Under this line are records; the part from the line containing "Holiday home 3" through the line containing "江西庐山旅游一日游，南昌到庐山一日游" should be repeated exactly. Please exclude pictures.

EXERCISE MATERIAL:
————

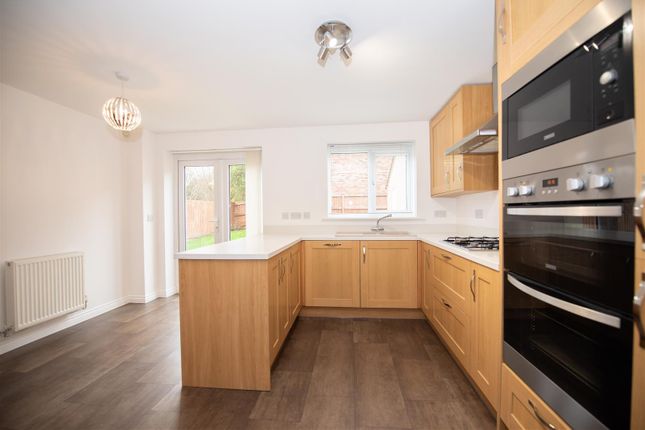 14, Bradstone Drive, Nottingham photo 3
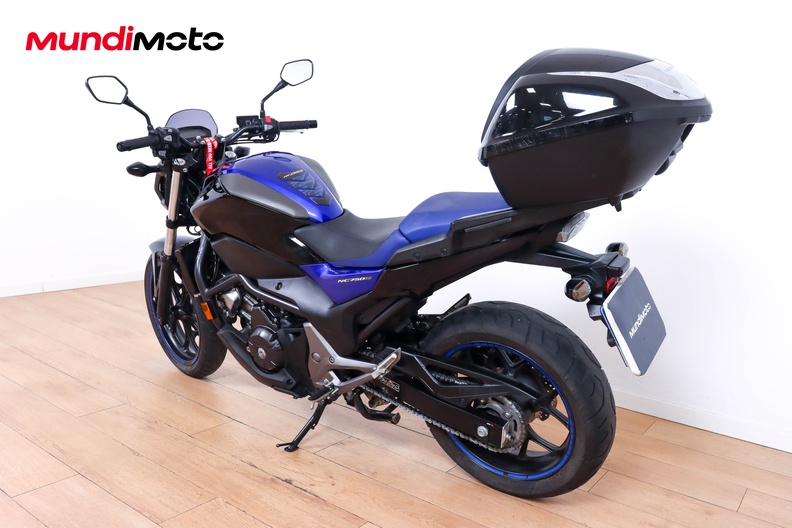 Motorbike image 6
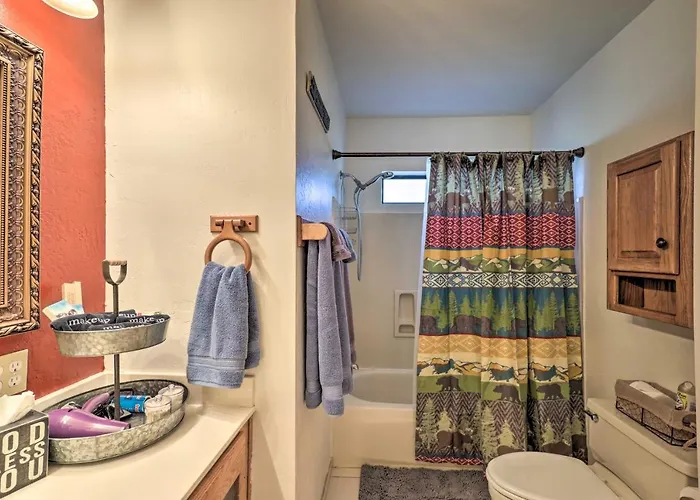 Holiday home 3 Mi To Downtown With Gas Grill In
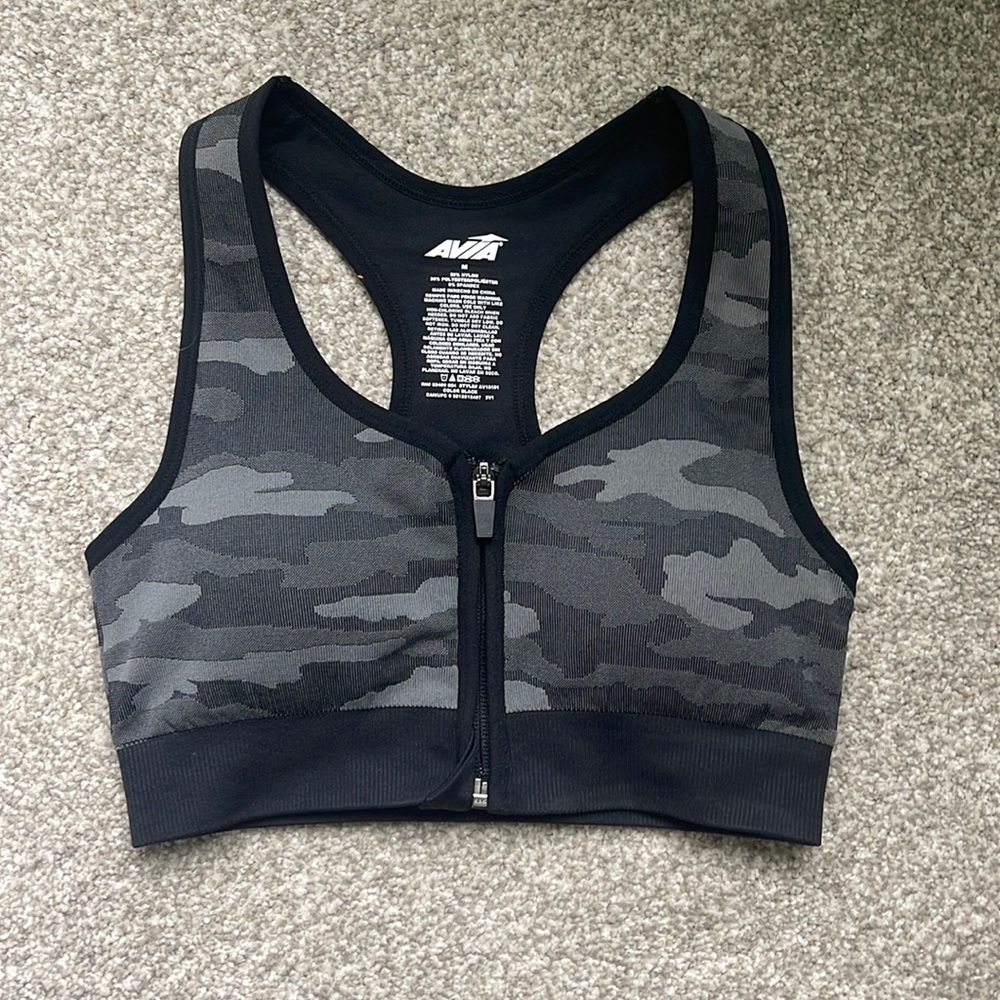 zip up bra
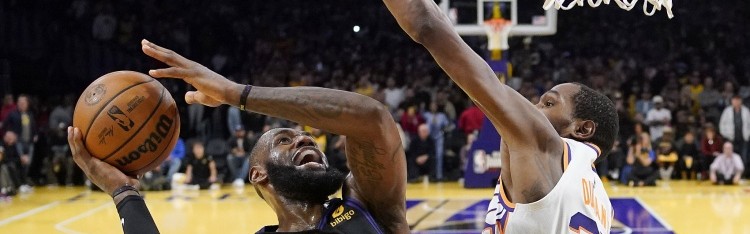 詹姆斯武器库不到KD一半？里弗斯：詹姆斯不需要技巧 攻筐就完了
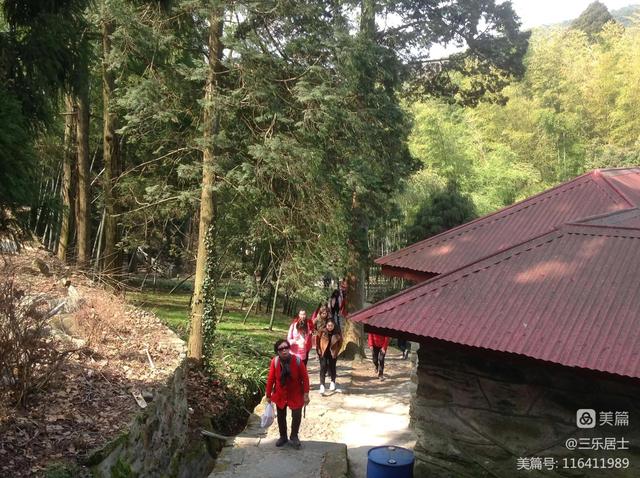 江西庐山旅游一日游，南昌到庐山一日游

————

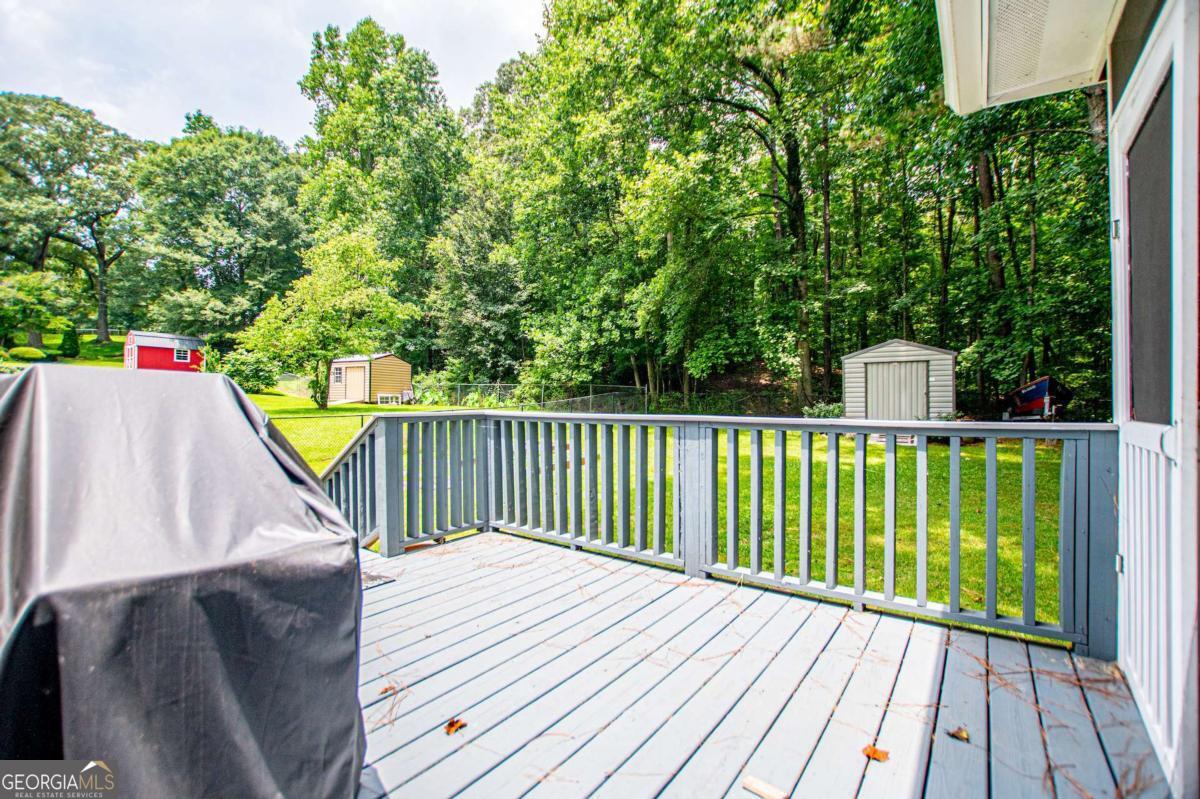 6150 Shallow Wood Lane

————

RESPONSE FOR THIS EXERCISE:
 Holiday home 3 Mi To Downtown With Gas Grill In
 zip up bra
 詹姆斯武器库不到KD一半？里弗斯：詹姆斯不需要技巧 攻筐就完了
 江西庐山旅游一日游，南昌到庐山一日游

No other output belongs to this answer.